City Light generates power at its hydroelectric projects. When the utility has more electricity than its customers need, it sells that power to other utilities and uses the money to keep prices low for its retail customers. For 2016, City Light anticipated $60 million in revenue from such wholesale energy sales, but the utility is on track to earn only about $43.5 million as a result of warm spring weather at a time of low prices on the wholesale energy market. The warm weather melted mountain snow earlier than is typical, which meant City Light’s hydroelectric projects were producing surplus energy at a time of lower demand and lower prices than the utility might have seen in June or July.
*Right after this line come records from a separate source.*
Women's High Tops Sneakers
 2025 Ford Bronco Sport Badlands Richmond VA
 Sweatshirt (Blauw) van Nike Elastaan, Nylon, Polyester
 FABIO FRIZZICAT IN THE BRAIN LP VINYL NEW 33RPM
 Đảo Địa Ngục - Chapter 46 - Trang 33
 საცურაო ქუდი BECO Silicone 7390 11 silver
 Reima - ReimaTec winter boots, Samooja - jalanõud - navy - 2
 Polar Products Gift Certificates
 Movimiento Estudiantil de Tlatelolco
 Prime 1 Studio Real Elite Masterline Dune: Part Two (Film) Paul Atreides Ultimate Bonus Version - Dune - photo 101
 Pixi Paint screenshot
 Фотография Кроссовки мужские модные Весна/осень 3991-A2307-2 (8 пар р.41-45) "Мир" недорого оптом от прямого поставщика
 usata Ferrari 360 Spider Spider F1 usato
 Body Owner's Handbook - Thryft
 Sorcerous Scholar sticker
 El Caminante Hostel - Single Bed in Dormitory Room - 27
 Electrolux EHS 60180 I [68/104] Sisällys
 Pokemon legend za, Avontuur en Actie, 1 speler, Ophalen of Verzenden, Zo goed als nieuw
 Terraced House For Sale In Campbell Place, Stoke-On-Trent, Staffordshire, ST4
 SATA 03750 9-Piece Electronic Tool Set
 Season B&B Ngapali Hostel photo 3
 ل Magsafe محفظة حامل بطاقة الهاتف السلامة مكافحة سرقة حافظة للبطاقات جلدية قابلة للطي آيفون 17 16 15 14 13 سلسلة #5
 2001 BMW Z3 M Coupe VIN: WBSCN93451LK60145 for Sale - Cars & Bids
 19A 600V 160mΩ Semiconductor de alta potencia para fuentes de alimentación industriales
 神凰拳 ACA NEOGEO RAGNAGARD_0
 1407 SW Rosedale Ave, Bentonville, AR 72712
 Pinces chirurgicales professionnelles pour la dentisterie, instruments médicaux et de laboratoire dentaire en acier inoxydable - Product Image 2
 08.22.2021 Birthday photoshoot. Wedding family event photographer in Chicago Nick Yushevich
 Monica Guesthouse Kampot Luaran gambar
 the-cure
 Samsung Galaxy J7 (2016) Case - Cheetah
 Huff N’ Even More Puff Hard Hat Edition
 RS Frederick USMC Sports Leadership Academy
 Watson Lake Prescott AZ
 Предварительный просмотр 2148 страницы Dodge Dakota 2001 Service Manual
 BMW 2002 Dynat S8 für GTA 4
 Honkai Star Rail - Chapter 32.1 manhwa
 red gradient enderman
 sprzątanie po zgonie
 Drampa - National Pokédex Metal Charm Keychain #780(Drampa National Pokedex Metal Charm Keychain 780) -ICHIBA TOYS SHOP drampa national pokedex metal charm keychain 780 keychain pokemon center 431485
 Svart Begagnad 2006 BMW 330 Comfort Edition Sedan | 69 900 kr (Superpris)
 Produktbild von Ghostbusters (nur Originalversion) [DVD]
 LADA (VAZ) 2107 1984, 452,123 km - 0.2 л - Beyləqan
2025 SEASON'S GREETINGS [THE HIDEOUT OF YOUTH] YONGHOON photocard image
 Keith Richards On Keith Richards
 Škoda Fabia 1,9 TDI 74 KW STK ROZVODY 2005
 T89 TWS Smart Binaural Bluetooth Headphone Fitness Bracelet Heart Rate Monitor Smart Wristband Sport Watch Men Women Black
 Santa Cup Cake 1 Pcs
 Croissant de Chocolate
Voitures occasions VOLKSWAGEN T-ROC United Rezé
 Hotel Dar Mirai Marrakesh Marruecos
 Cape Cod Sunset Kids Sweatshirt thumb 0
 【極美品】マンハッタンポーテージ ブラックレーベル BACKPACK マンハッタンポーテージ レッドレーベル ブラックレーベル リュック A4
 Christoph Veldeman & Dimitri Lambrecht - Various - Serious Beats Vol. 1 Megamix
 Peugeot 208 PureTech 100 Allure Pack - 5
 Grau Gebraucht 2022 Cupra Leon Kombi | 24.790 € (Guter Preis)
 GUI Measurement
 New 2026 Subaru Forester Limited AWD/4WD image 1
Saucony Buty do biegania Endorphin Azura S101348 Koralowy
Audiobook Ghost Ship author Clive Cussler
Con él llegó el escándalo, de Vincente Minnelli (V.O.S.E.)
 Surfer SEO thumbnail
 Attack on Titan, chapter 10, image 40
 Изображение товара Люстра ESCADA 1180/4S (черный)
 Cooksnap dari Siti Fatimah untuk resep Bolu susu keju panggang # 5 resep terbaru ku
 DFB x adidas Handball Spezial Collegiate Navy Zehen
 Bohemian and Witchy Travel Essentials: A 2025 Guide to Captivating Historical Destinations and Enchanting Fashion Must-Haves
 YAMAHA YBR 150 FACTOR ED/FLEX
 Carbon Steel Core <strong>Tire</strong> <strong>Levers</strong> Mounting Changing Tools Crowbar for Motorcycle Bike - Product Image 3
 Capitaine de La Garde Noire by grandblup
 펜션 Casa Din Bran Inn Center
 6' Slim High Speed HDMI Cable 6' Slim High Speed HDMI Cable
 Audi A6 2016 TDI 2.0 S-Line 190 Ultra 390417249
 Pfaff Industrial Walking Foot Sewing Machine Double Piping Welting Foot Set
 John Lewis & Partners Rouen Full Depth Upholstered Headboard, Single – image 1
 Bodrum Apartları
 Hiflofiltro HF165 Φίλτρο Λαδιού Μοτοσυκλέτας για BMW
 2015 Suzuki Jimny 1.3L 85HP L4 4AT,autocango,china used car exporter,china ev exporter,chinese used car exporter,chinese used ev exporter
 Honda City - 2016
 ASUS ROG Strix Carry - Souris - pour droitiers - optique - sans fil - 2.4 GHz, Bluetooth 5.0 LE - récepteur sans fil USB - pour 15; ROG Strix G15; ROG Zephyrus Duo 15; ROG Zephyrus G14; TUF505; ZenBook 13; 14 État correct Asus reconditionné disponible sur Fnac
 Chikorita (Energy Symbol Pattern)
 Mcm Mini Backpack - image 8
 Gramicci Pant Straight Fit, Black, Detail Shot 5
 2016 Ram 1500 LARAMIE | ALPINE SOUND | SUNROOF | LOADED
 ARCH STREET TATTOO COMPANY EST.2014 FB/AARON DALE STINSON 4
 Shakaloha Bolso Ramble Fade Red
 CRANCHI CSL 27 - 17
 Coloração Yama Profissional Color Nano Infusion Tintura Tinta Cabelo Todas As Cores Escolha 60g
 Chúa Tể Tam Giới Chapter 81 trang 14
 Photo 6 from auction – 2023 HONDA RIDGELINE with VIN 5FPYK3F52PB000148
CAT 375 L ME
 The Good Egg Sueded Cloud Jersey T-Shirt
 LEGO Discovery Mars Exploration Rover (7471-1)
To make up the difference between what was expected in the budget and actual revenue, City Light draws from a rate stabilization account created in 2010 to offset the volatility that comes with generating and selling hydropower. If the amount in the account dips to $90 million or below, a 1.5 percent surcharge is automatically applied to every customer’s bill until the account is refilled to $100 million.

The rate stabilization account had $89.1 million in it June 30, which triggers a surcharge that will be applied to customer bills, starting in August. The surcharge will add $1 to the typical residential customer bill every month. This is the first time an automatic surcharge has been triggered since the rate stabilization account was created.

Based on current financial forecasts, City Light projects that the surcharge could stay in place into 2019. Should the rate stabilization account’s balance fall to $80 million or below, the surcharge would automatically increase to 3 percent.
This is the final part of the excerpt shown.